I first heard this attributed to Winston Churchill, but I have to admit (reluctantly because I’m a Brit), I think it was actually said first by Robert Frost, either way, I find it to be sadly, all too true, and at the same time not really surprising.
Bankers are tasked with holding our deposited money securely and ensuring it’s available whenever we may have need or desire to withdraw it. They’re therefore also tasked with ensuring that they only loan said deposited money to those who can easily repay it. Hence the other saying which I believe came from Bob Hope (I just know a disgusting percentage of under 30’s are now off to Google Bob Hope!) “A bank is a place that will lend you money, but only if you can prove you don’t need it.”
Are You Buying More Business Than You Should?
I think first and foremost you need to address why you need seller financing to buy the business. You really want to avoid being like the actress with a fur coat but no knickers, you want to be sure you’re not buying something you can’t really afford! So consider maybe starting out a little smaller with something you can finance yourself and build. One of the biggest advantages of doing business online, especially once you get things properly set up and automated, is that you can very often run and grow more than one at a time.
Are You Asking Too Much Of The Seller?
If you’re a seller and you’ve built a good business, have solid, verifiable income and expense records, decent traffic history with established vendor and customer relationships, why on earth would you give up 100% control of your business to a total stranger for anything less than 100% of its value?
Well, almost shockingly, there are actually good, sometimes very good, business opportunities with seller financing available. Good ones are typically few and far between but there can be extenuating circumstances such as the seller has another opportunity and needs to cash out to take advantage of that, but the business doesn’t have enough ‘age’ on it yet to have reached its full potential.
In my experience, you’ll always get the best ‘deal’ when you are financing a business yourself or at least outside of the basic negotiation.
What Are The Options?
So what’s an entrepreneur to do when they’re looking to finance their purchase of an online business and the bank has effectively said “no way are we funding your fly-by-night web biz dude” or the typically much more verbose but still dismissive banker equivalent of it?
Let’s invite a little sunshine into this conversation by saying all is not lost here, there are still quite a few options you can tap into to realize your dream of owning an online business!
Sell your stock portfolio (that baby from the eTrade ad’s can show you exactly how), cash in your 401-K (that’s a Private Pension for those not familiar with the US vernacular), take a second mortgage on your house (back to the Bankers for that one – but they’re much more picky than a few years ago before they drained the housing and financial markets faster than the entire cast of Twilight on a major binge) hmm none of those find the sun shining on your parade yet?

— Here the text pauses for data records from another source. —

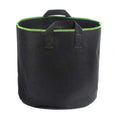 1 3 5 7 10 15 Gallon Felt Grow Bags Fabric Plant Pots Root Pouch for Nursery Planter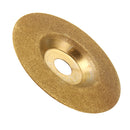 100x16mm Glass Ceramic Granite Gold Diamond Saw Blade Disc Cutting Wheel for Angle Grinder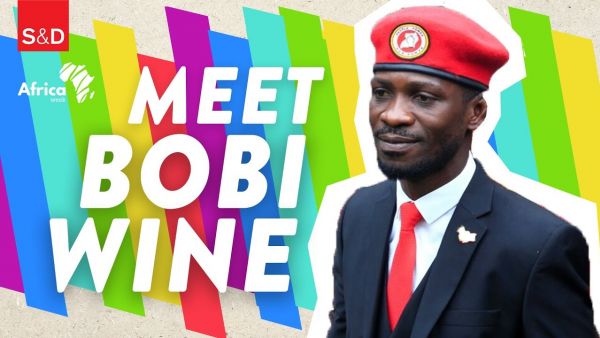 Bobi Wine (Robert Ssentamu Kyagulanyi)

As a last resort you could always tap your friends and family for a loan, but if that too strikes you as NOT quite the perfect raft on which to launch your entrepreneurial voyage, read on to learn more about seller financing and how to go about trying to land some.

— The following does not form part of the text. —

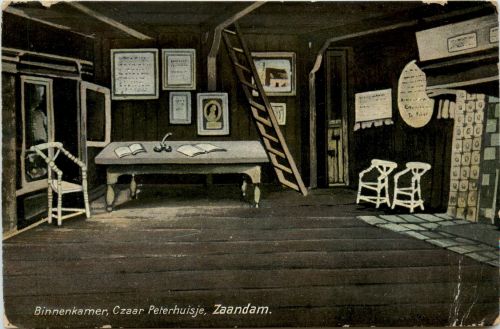 Zaandam - Binnenkamer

Cash is always going to talk loudest to a seller but if you absolutely must look for seller financing, it’s essential to approach it as if you are approaching a bank for a small business loan.
You really need to prove you’re a good risk and offer some sort of security such as a Promissory Note PLUS and maybe even further financial benefit to compensate the seller for the additional risk they’re assuming should you default on the loan for whatever reason.

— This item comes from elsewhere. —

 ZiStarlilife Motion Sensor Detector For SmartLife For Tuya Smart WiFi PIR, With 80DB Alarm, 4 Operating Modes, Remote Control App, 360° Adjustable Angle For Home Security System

This type of financing structure and approach has the best chance of a seller giving your offer serious consideration.
What Are Holdbacks?
Another more common reason to justify asking for seller financing is if/when there are legitimate concerns regarding some aspect of the business itself or to secure the sellers compliance with terms and provision of transitional training. Either of these situations would warrant a financial mechanism (usually a holdback) to mitigate the risk of a buyers concerns whether they are justified or not – but it’s still really a form of Seller Financing albeit short term.
What Are Performance Based Earn-Outs?
If there is some justifiable reason or concern on the part of the buyer but he can convince the seller he (the buyer) is capable of overcoming it then a seller may agree to take some cash up front (allowing them to move forward with a new project) plus a specified percentage of profits from the business you’re buying until a pre-defined value cap is reached. This can also be for a specific period of time but then how much the seller will realize is dependent on the buyer’s ongoing success running the company, so there’s additional risk there too.
Either of these options will usually provide the seller with the ability to ‘potentially’ make more than the asking price as compensation for taking on the risk. If the seller is a bit more risk averse they may prefer to ask for a promissory note, kind of like a bank would but in this case the seller IS the banker – expect to pay interest on the loan, make regular payments on make them on time or they may end up owning your new business all over again.